William George David Sykes (1939 – 17 January 2015) was an English college fellow, Anglican priest, and book author.

Biography
Bill Sykes was born in Yorkshire, England. He attended school at Worksop College in Worksop, Nottinghamshire. Sykes then undertook National Service, joining the Gurkhas. He then studied for a PPE degree at Balliol College, Oxford. Upon finishing his degree and following on from his experience with the Gurkhas, Sykes joined an expedition to Nepal organized by Oxford University, acting as an interpreter. After returning from the expedition, Sykes trained for ordination at Wycliffe Hall in North Oxford.

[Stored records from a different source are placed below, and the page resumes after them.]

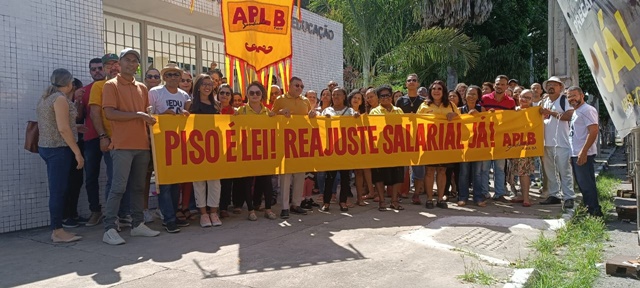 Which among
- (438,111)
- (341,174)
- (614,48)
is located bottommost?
(341,174)

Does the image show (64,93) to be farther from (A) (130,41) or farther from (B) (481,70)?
(B) (481,70)

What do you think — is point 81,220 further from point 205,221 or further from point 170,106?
point 170,106

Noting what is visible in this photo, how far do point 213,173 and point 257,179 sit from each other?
69cm

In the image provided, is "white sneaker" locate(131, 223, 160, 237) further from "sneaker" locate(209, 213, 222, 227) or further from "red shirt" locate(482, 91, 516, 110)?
"red shirt" locate(482, 91, 516, 110)

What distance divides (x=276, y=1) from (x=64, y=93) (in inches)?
130

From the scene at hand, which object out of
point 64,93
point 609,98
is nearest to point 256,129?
point 64,93

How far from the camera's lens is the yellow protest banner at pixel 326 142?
5676 mm

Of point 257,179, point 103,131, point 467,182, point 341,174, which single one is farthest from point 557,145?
point 103,131

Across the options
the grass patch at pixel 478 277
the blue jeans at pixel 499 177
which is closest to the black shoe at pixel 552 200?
the blue jeans at pixel 499 177

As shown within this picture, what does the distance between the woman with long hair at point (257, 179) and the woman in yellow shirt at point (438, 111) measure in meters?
2.34

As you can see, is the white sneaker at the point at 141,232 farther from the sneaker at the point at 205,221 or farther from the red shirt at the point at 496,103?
the red shirt at the point at 496,103

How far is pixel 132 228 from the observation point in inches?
212

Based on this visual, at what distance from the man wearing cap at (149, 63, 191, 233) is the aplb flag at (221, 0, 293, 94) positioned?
128 centimetres

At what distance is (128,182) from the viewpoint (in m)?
5.32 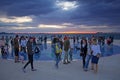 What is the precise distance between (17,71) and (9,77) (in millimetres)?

In 1965, Sykes was appointed as a canon at Bradford Cathedral in Yorkshire. In 1969, he became the chaplain at University College London. In 1978, he moved to University College, Oxford as fellow and chaplain, remaining there until his retirement in 2005. Subsequently, he was elected as an Emeritus Fellow of the College.

Sykes wrote books and reflective thoughts on religious ideas, most notably Visions of Faith: An Anthology of Reflections. His portrait was painted by the artist Daphne Todd.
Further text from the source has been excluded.